No sooner had I deigned to acknowledge my infatuation with Alessandro, however, than I started feeling sorry for the Romeo I was about to meet. According to my cousin Peppo, he had fled to foreign lands to escape the viciousness that had driven him and his mother out of town, and whatever his ultimate purpose in returning to Siena, he was very possibly risking it all by offering to meet me in the Mangia Tower today. For that alone, I owed him thanks.
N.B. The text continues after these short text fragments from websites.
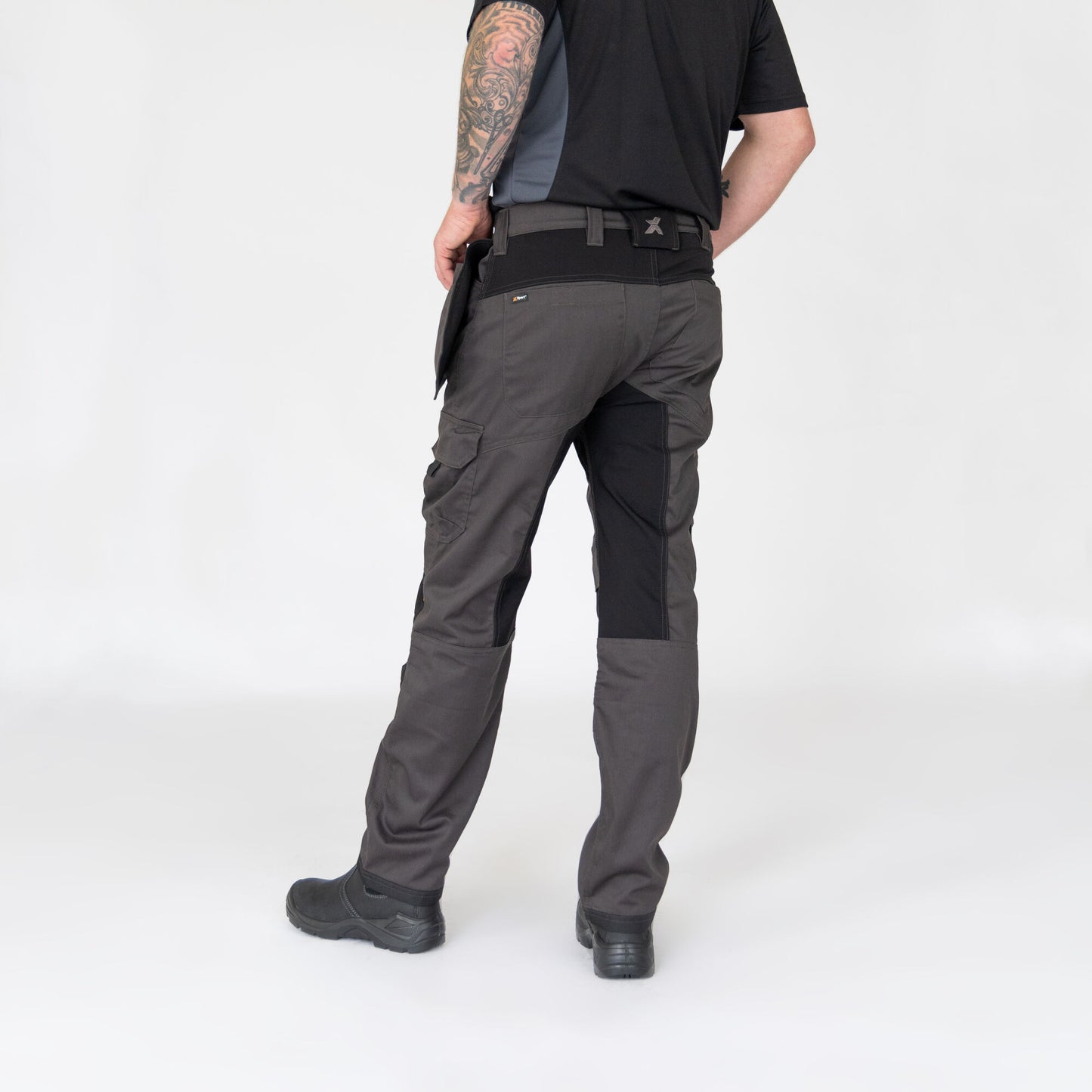 Xpert Pro Stretch+ Work Trousers - Grey/Black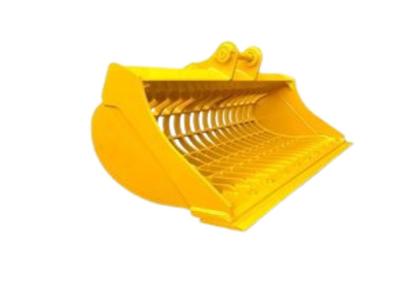 China PC200 Excavator Skeleton Bucket Sieved Bucket for Screening Sand Rock Gravel for sale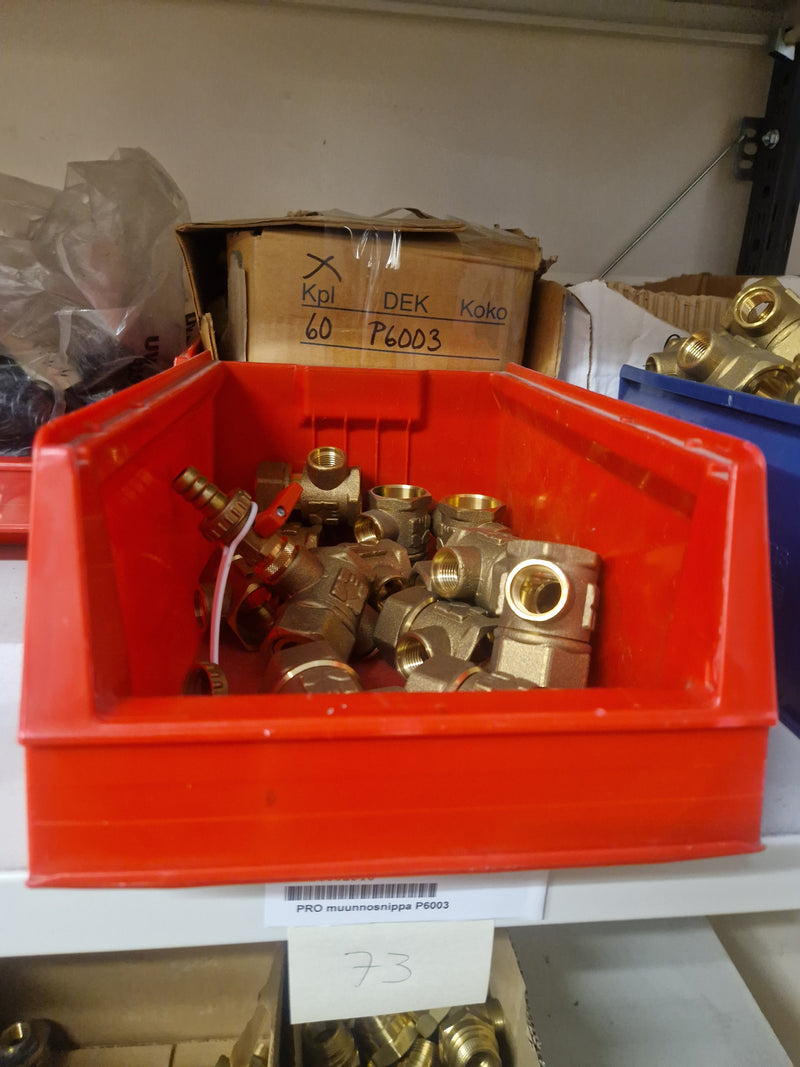 Brass Fittings Lot 14,000+ pcs | Messinkiosat Iso Erä | Jakotec | TA Hydronics (IMI) | Onnline, Merikarvian LVI-Tuote (MLVI) | Oras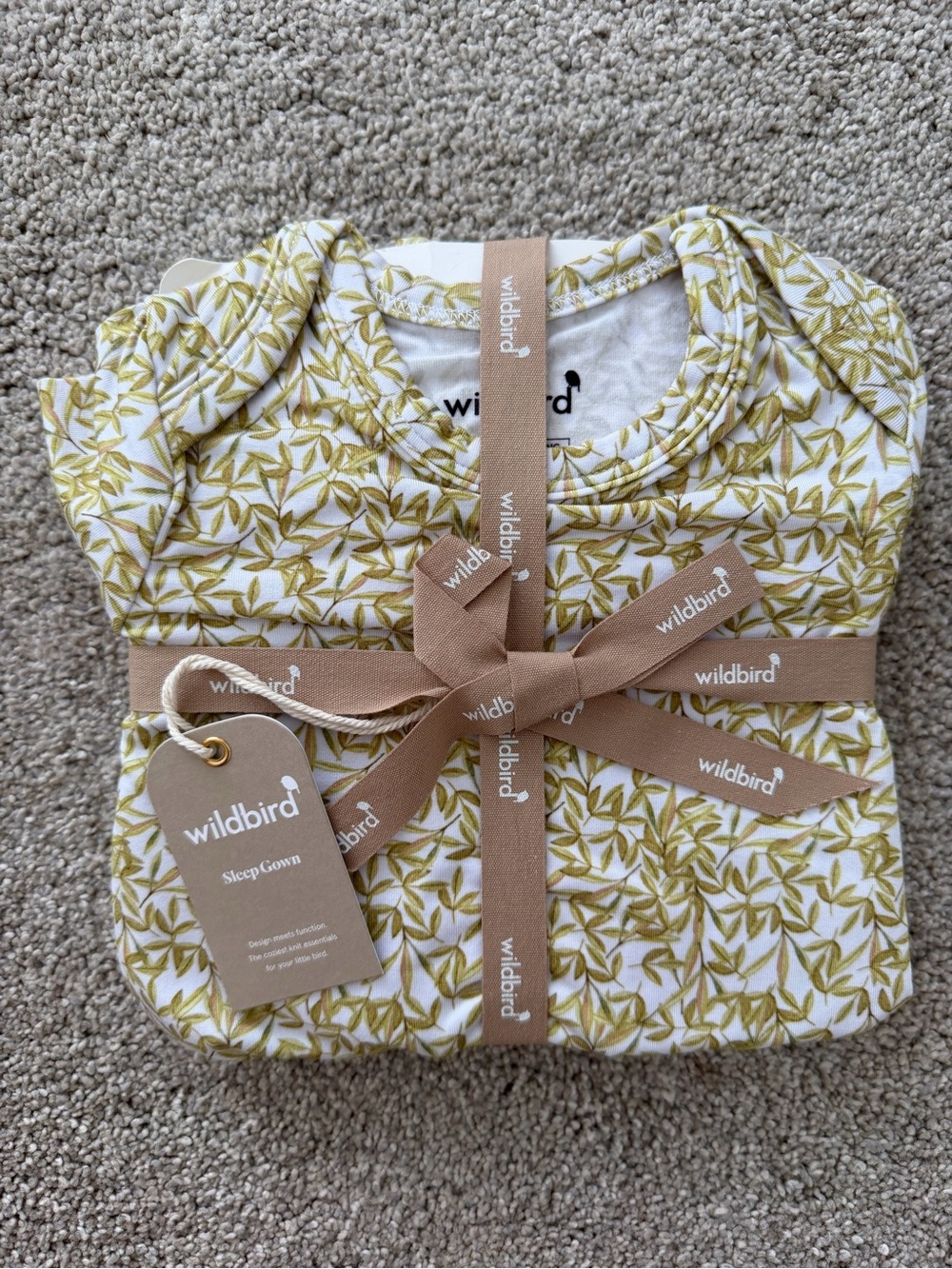 WildBird Sleep Gown with Olive Leaf Print
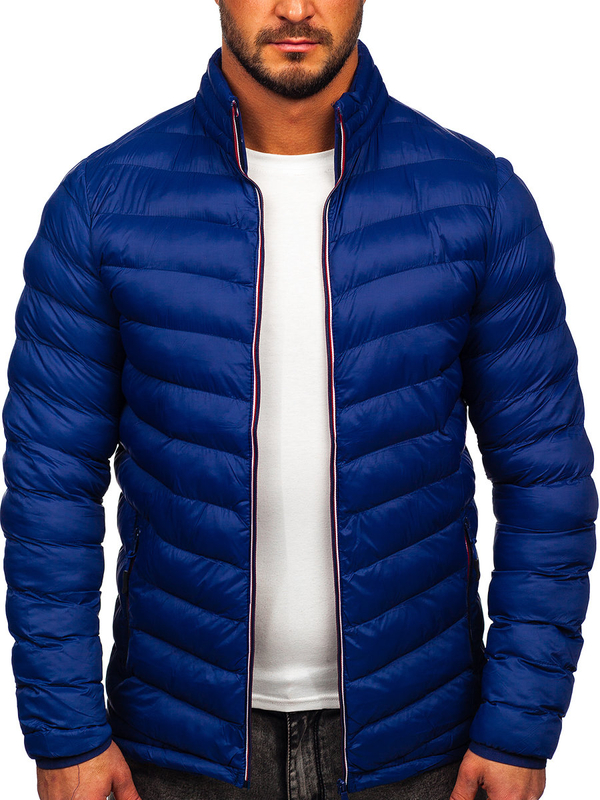 Chaqueta deportiva de invierno para hombre color azul oscuro Bolf SM71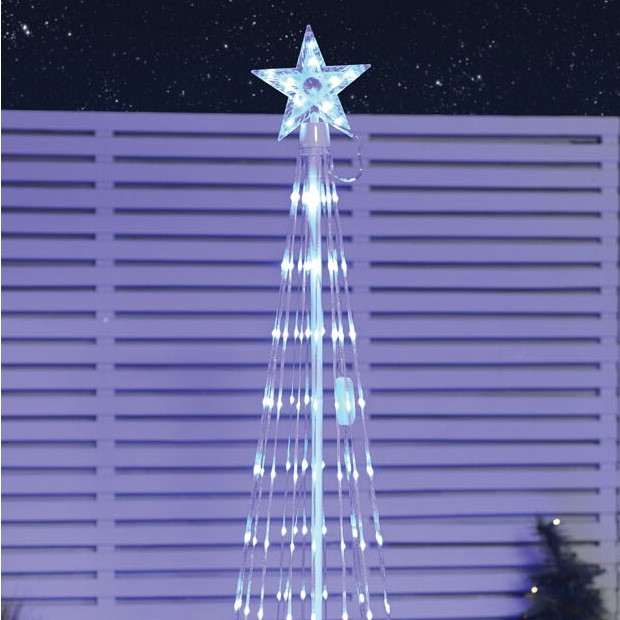 1.8m Christmas Light Up Tree Image 1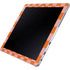 Orange Checkered Galaxy Book 12in Skin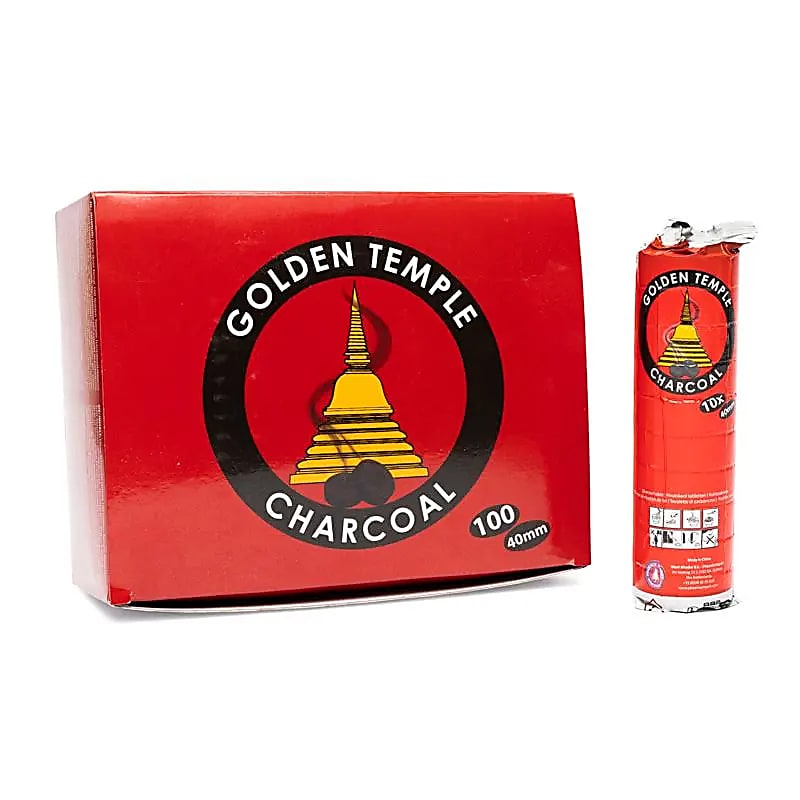 Gouden Tempel Houtskooltabletten - 4cm
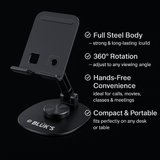 📱 BX-320 Table Stand – Full Steel Body & 360° Rotation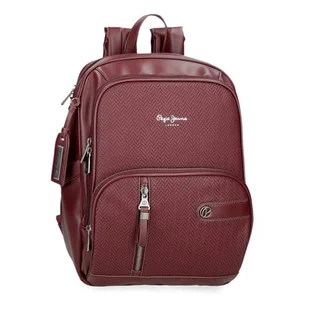 Pepe Jeans Sprig Plecak Na Laptopa 13,3" Czerwony 25x37x10 cm Skóra syntetyczna 9,25 l by Joumma Bags, Czerwone, Talla única, plecak na laptopa - Torby na laptopy - miniaturka - grafika 1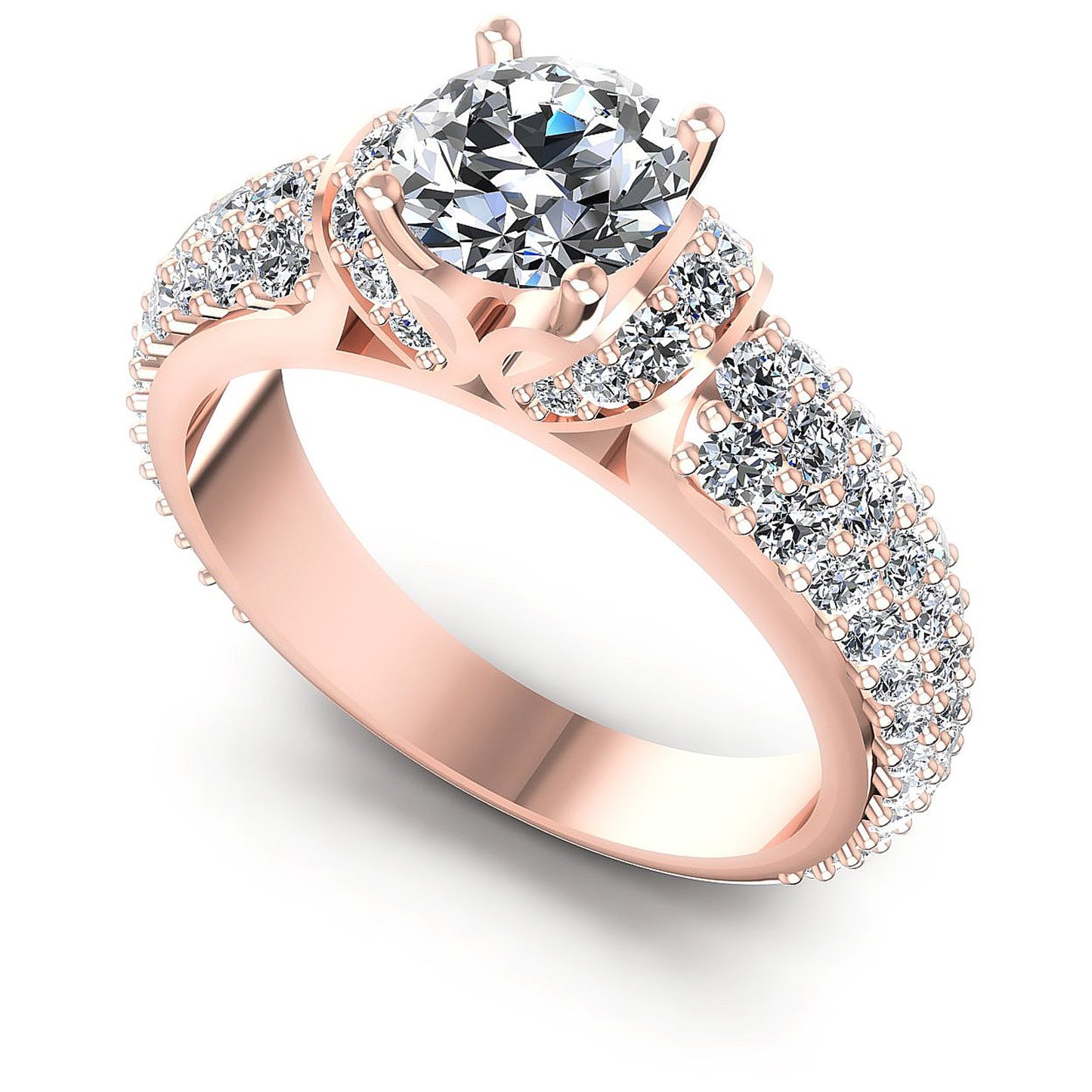 1.35CT Round  Cut Diamonds Engagement Rings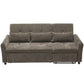 3 Seater Sofa Bed And Reversible Recliner - Furniture Home Direct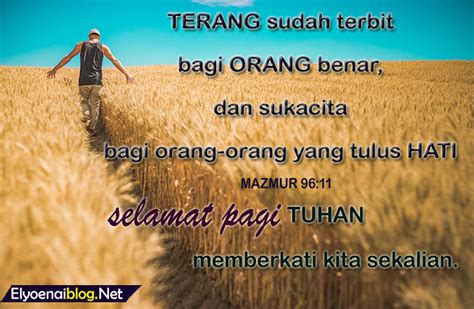 Ucapan Selamat Pagi Kristen Dengan Kata Motivasi Rohani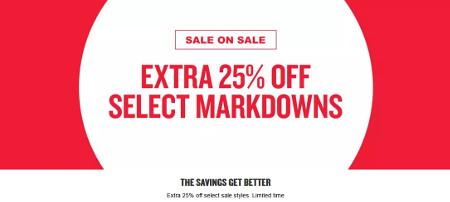 Extra 25% off Select Markdowns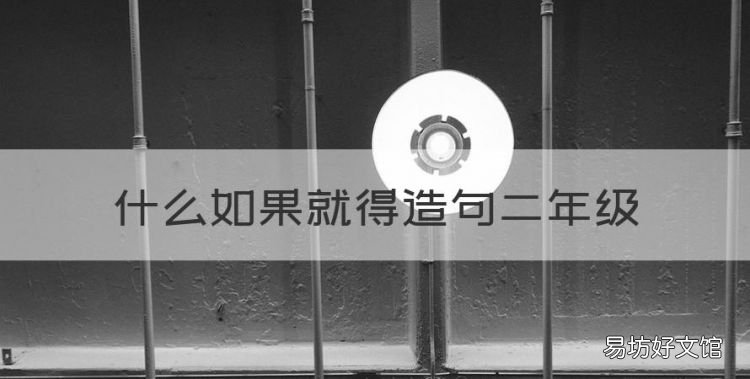什么如果就得造句二年级,每当什么就什么造句二年级上册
And even if he was not Alessandro’s equal, the least I could do was to give him a chance to wow me, if that was what he wanted to do, and not stubbornly close my heart to him the way Juliet had closed her heart to Paris after meeting Romeo. Or… perhaps I was jumping to conclusions. Perhaps all he wanted was to talk with me. If that were the case, it would-quite frankly-be a relief.

When I finally heard steps on the stairs, I got up from my perch on the stony embrasure and brushed off my dress with stiff hands, steeling myself for the quasi-legendary encounter about to happen. It took a while, though, before my hero made it to the very top of the spiral stairs, and as I stood there, poised to like him, I could not help but notice that-judging from his heavy breathing and the way he dragged his feet the last little bit-between the two of us, I was in far better shape.

Then, finally, my panting stalker appeared, leather suit draped over one arm, helmet dangling from the other, and all of a sudden, everything stopped making sense.

It was Janice.

IT WOULD BE HARD to pinpoint the exact moment when things had started going south in my relationship with Janice. Our childhood had been full of conflicts, but so are most people’s childhoods, and the overwhelming majority of mankind seems to be able to reach maturity without having completely lost the love of their siblings.

Not so with us. Now, at twenty-five, I could no longer remember when I had last embraced my sister, or had a conversation with her that did not deteriorate into a juvenile spat. Whenever we met, it was as if we were eight-year-olds again, falling back on the most primitive forms of argument. “Because I say so!” and “I had it first!” tend to be expressions most people leave happily behind as vestiges from a barbarian age the way they do blankies and pacifiers; to Janice and me, they were the philosophical cornerstones of our entire relationship.